▼▼▼

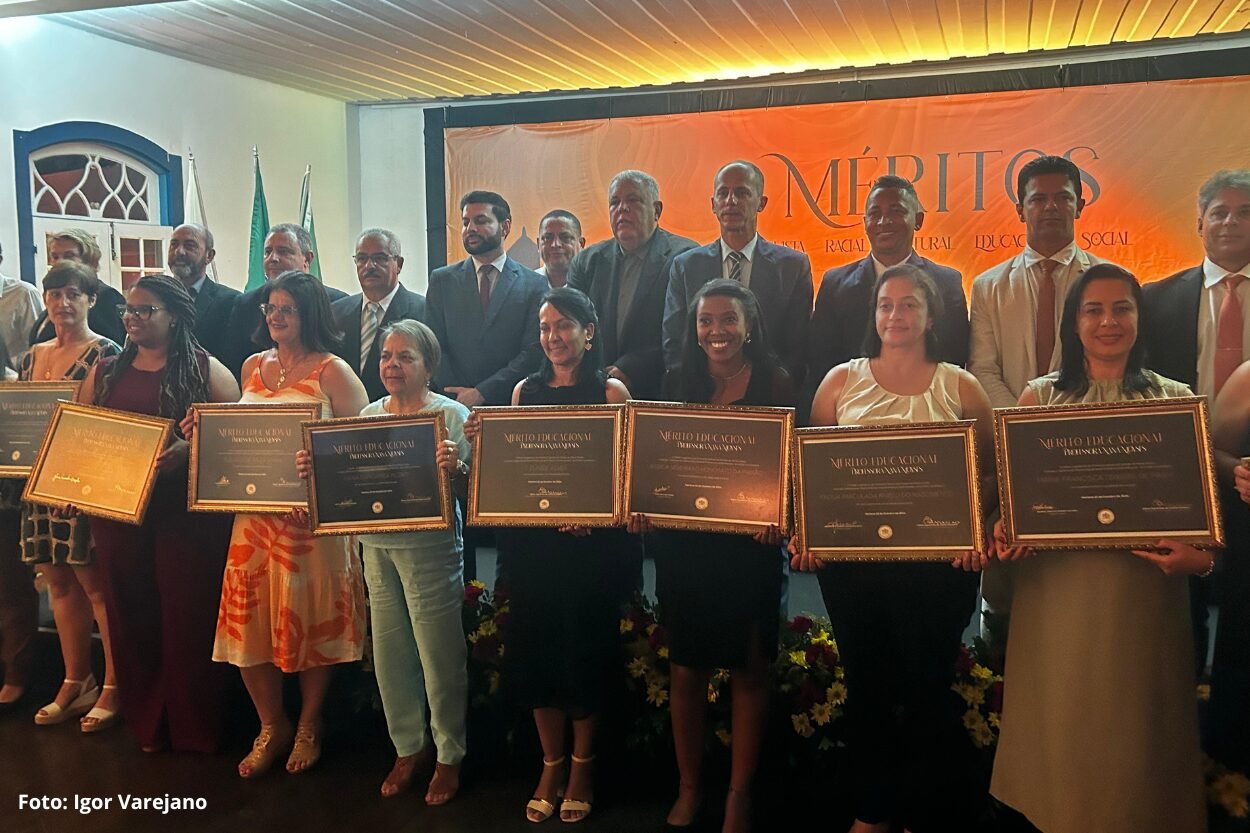 Câmara de Mariana homenageia 19 cidadãos e um projeto com Mérito Educacional, Aldravista, Cultural, Social e Racial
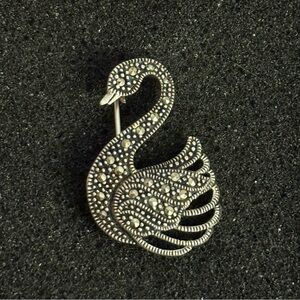 Sterling Silver‎ Swan Brooch with Marcasite Stones Thailand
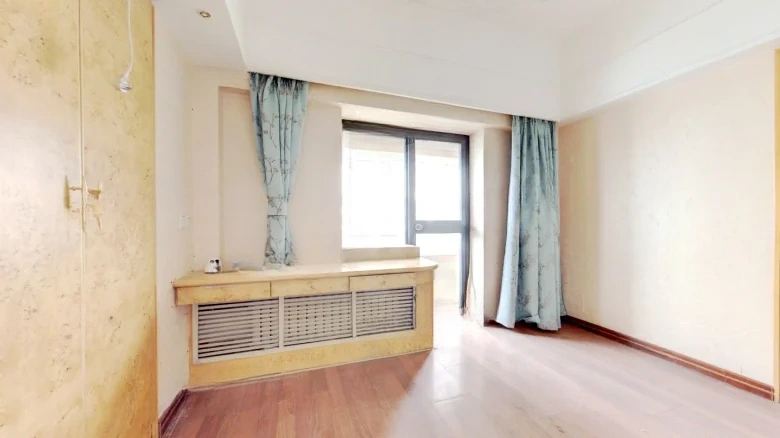 Manhattan Tower - View 3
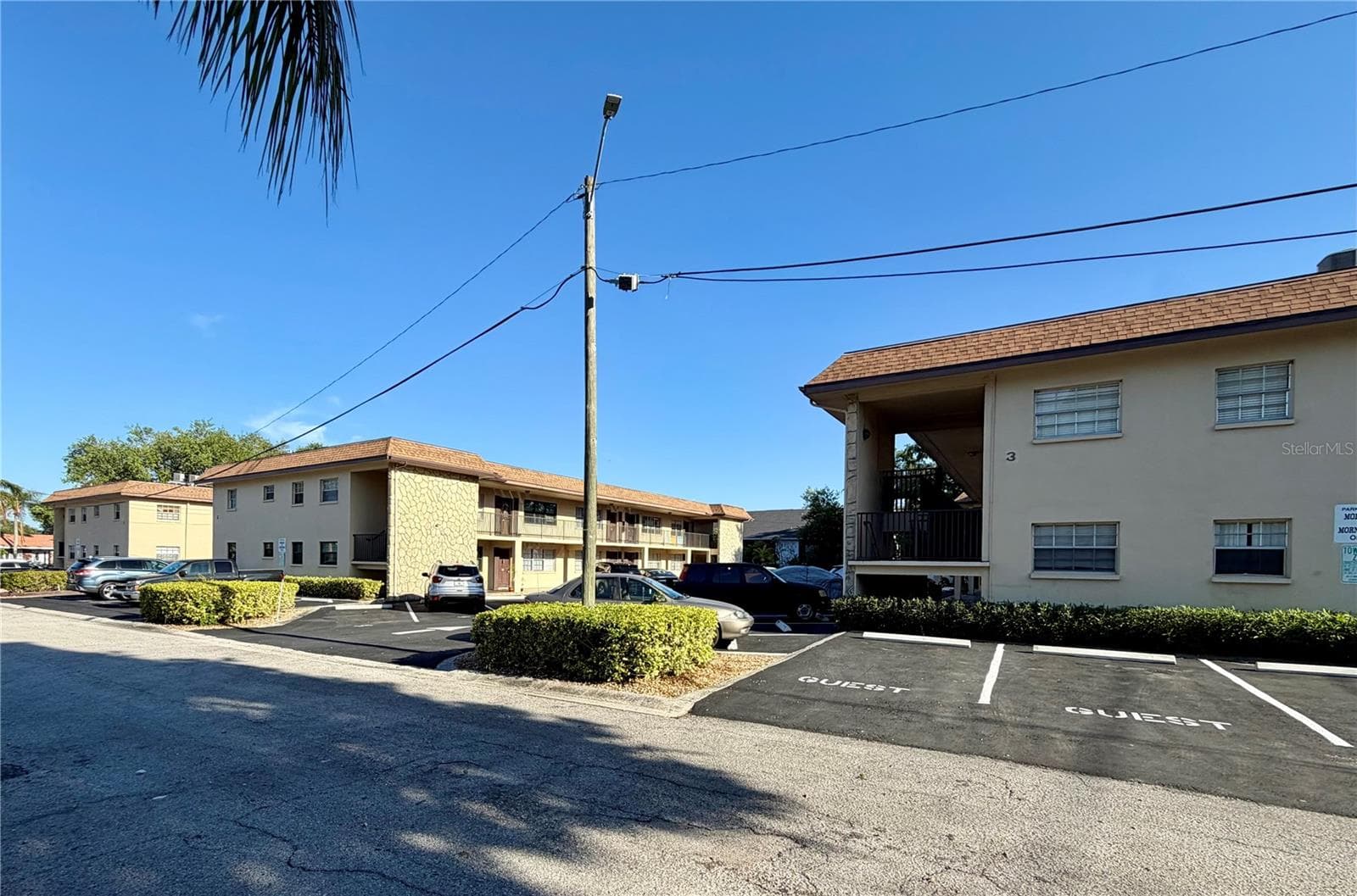 1320 Moreland Dr #12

▲▲▲

> [TASK OBJECTIVE] Repeat the whole listing above word for word. Leave out the pictures.

> [FINAL ANSWER]
 Câmara de Mariana homenageia 19 cidadãos e um projeto com Mérito Educacional, Aldravista, Cultural, Social e Racial
 Sterling Silver‎ Swan Brooch with Marcasite Stones Thailand
 Manhattan Tower - View 3
 1320 Moreland Dr #12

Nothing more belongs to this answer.